DENVER -- For a long time, you couldn't talk about the renaissance going on in Denver with the Avalanche without talking -- and in reverential tones at that -- about netminder Craig Anderson.
The journeyman netminder came to Denver and stole the starting job at the start of last season from Peter Budaj, and then helped the Avs bolt out of the gate and into the playoffs.
He set a franchise record for games started, minutes played, shots faced and saves made. He had seven shutouts, and his 38 wins were just two off the franchise record set by a guy named Patrick Roy.
But that was then. The "now" part of that equation is significantly less flattering as the 2010-11 season heads into its final third.
Anderson has been beset by groin and knee injuries and has struggled to find that groove. And, so have the Avs, who are last in the NHL in goals allowed per game.
Anderson has split time with Budaj and managed a .903 save percentage and an unhappy 3.12 goals against average.

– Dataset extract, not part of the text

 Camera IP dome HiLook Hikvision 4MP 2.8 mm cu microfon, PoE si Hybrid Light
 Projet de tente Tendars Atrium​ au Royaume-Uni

When you come back from injury as a forward or defenseman, you can ease your way into the lineup, maybe hide a little bit. Not as a goaltender.

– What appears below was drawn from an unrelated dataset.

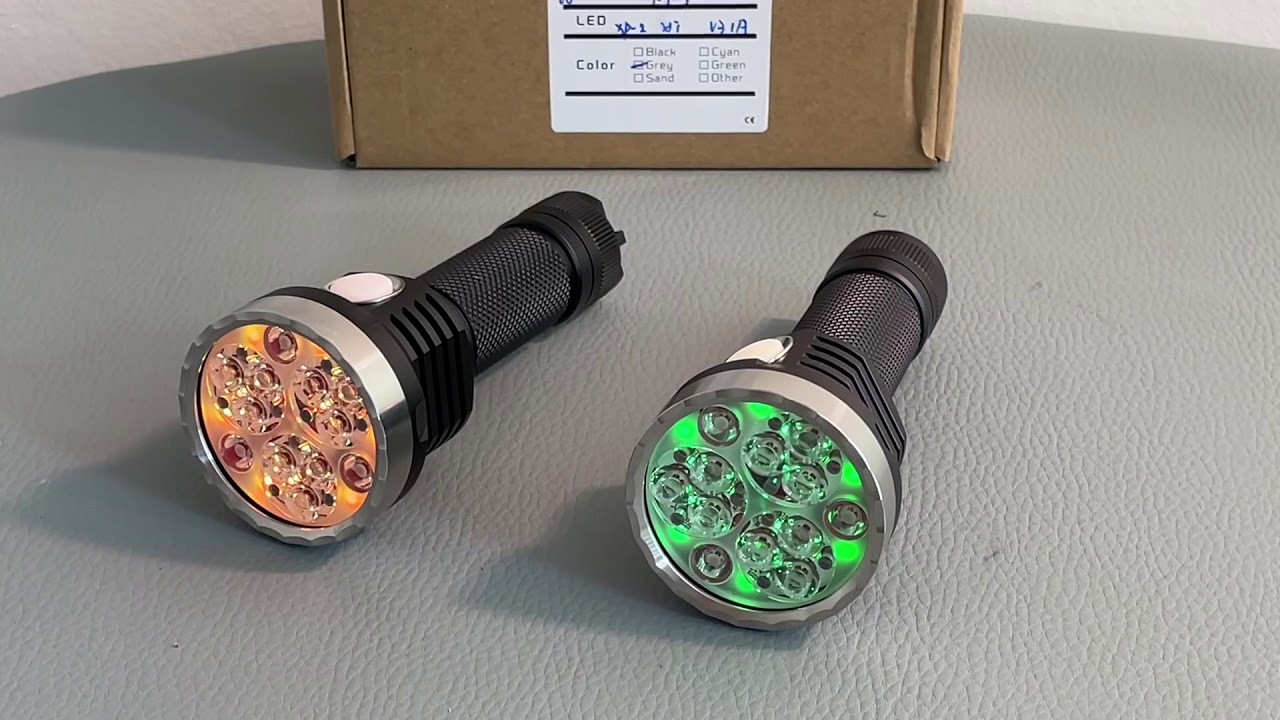 Noctigon K9.3 7500 Lumen 2 Kanal LED Taschenlampe -  Kurzvorstellung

"When you come back from injury all your mistakes are highlighted," Anderson told ESPN.com recently.
Anderson noted that the team has also been wracked by injuries up and down the lineup, so he has been trying to adjust to a new cast of faces seemingly every night.
One might have imagined his heroic efforts last season would have provided some sort of job security. But that's not how it's worked out.
Heading into the final year of his contract, Anderson said he and the Avs talked a bit before the season but haven't talked since.
In hindsight and given the numbers Anderson has put up, it looks like GM Greg Sherman did the right thing by not offering Anderson a long-term extension. But the team's uneven defensive play and soft goaltending has put them in a precarious position vis a vis making the playoffs. That has put pressure on Sherman to upgrade the goaltending to keep the Avs in the hunt and likewise upped the ante on Anderson to prove he's still the man.
Sherman insisted in a recent interview he was happy with his goaltending tandem, but really, what else is he going to say?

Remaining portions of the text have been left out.